Utah basketball: Brandon Taylor’s heart outgrows his frame
By Tony Jones
The Salt Lake TribuneFirst published Dec 17 2013 09:10AM
Brandon Taylor could have sulked. He could have pouted. Utah’s sophomore guard easily could have disrupted team chemistry.
As the player most affected by Delon Wright’s rise to stardom, Taylor has remade himself when he could’ve been relegated to the role of a backup. Taylor was Larry Krystkowiak’s starter at point guard last season, with a large percentage of the Utes’ possessions beginning in his hands.
He plays more at the shooting guard spot this season, despite standing only 5-foot-8. He and Wright share the playmaking duties, but a lot of Taylor’s time is spent running off screens and spotting up for 3-pointers.
"We’re winning," Taylor said. "Who would I be to complain? Everyone can see how talented Delon is and how good he is with the ball. I just want to win games, and what we’re doing right now is working. I mean, we’re 9-1."
Taylor averages 10.8 points and 4.2 assists per game. He plays 30 minutes a night, and that is a testament to his willingness to change. There aren’t many sub-6-foot guards in college basketball. But Taylor’s made himself an important player in Krystkowiak’s rotation, even when his minutes could have been affected significantly by Wright’s emergence.
He did this by becoming Utah’s best shooter. He consistently spreads the floor with his 3-point range, whether off pick-and-rolls or spotting up.
Taylor also emerged as a vocal leader. Wright and Jordan Loveridge — Utah’s two best players — both are quiet and reserved by nature. Taylor has filled that void. He’s respected by his peers and often can be seen exhorting his teammates and directing them on the court. He’s easily the most outwardly brash player on the roster and carries himself with swagger and confidence that belies his spindly frame.
Most importantly, Taylor has become the Utes’ best perimeter defender. He may be short in stature, but he’s strong and athletic. Krystkowiak said he’s the hardest player on his team for opponents to set a screen on. He gets low and moves his feet better than any Utah player.
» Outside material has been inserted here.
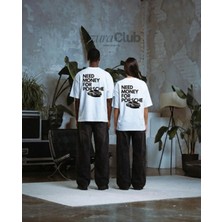 Need Money For Porsche Baskılı Unisex T-Shirt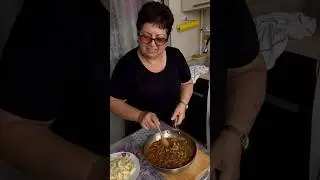 Тушенка с макаронами от мамы Гюльназ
"There’s a blueprint, a mental aspect to defense," Krystkowiak said. "Brandon knows the rotations and where he needs to be. Having a year of knowledge under his belt has been a key. He’s constantly communicating, and he does a nice job being down in his stance."
Cedric Martin was one of the best defenders in the Pac-12 last season. With his departure, Krystkowiak needed someone to fill that void, and Taylor’s been the guy to do it. Taylor was the primary defender on Cougars star Tyler Haws in Utah’s win over BYU on Saturday. He chased Haws through screens and gave the BYU junior as little room to breathe as possible when the Cougars gave their star the ball. The Utes quickly came with a double team when Haws tried to take Taylor into the post to exploit his lack of size.
It worked as well as Krystkowiak and Utah’s coaching staff could’ve drawn it up. Haws went 3 for 11 from the field in 34 minutes. He scored 14 points by getting himself to the free-throw line nine times. Haws was held nine points below his season average and never was a real factor.
"He’s really done a lot for this team," Loveridge said. "He’s a leader out there, and he’s our best shooter. He helps handle the ball, and he’s a great defender. We need him out there."